Es war jedoch genauso gefährlich, sich der Gnade des Prinzen auszuliefern. Sorcha senkte den Blick und bemerkte, dass Hemd und Arme blutverkrustet waren. Wenn sie etwas anderes tun wollte, als hier zu kauern, musste sie etwas dagegen tun.
Sie grub die Finger in den Sand und schrubbte sich mit einer Handvoll davon ab. So wurde sie zwar den größten Teil des Blutes los, aber auch ziemlich schmutzig. Ihren Umhang konnte sie ohne Weiteres umdrehen, wie sie es – seltsamer Gedanke! – zuletzt bei der Beerdigungsprozession für Erzabt Hastler getan hatte. Kurz danach hatten sie und Merrick den Jungen Prätendenten aus dem Gefängnis befreit.

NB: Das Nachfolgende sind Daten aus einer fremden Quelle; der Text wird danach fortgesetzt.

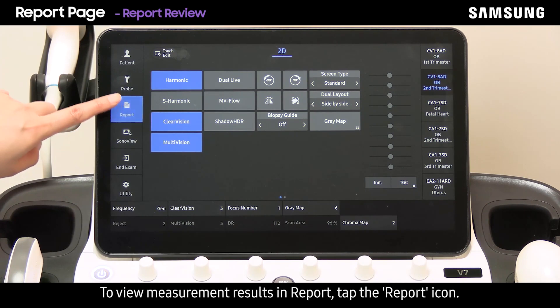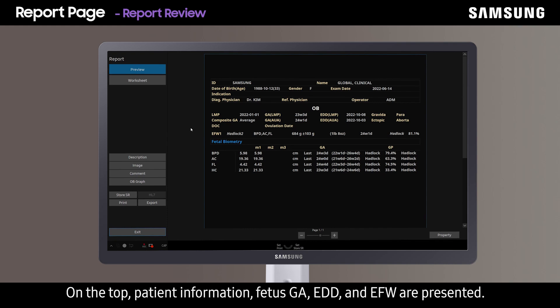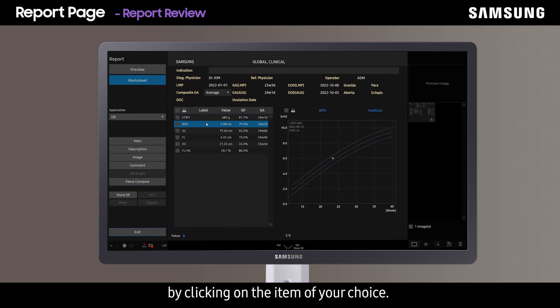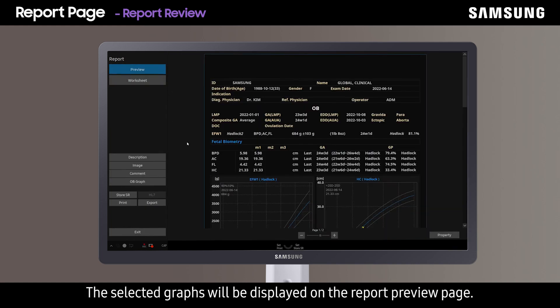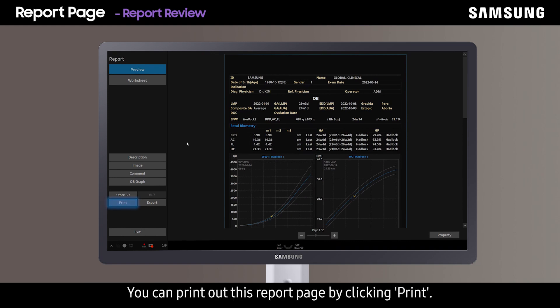To view measurement results and the report, tap the report icon. At the top, patient information, fetus GA, EDD, and EFW are presented. You can view results in graph form by clicking OB graph, and go over the graphs one at a time by clicking on the item of your choice. To insert certain graphs in the report, check the boxes next to the desired measurement items. To view the graphs before printing, press preview — the selected graphs will be displayed on the report preview page — then click print.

Raed … Sie schluckte. Dies war ein anderes Problem für sie, das weitere Fluchten und weniger gemeinsame Zeit bedeutete. Aber es war ohnehin nicht so, als könnten sie je ein richtiges Paar sein, sie und der Thronprätendent, den zu beschützen sie geschworen hatte. Doch anscheinend wussten ihre Gefühle nichts davon. Sie war alle Möglichkeiten durchgegangen – und nur er blieb übrig.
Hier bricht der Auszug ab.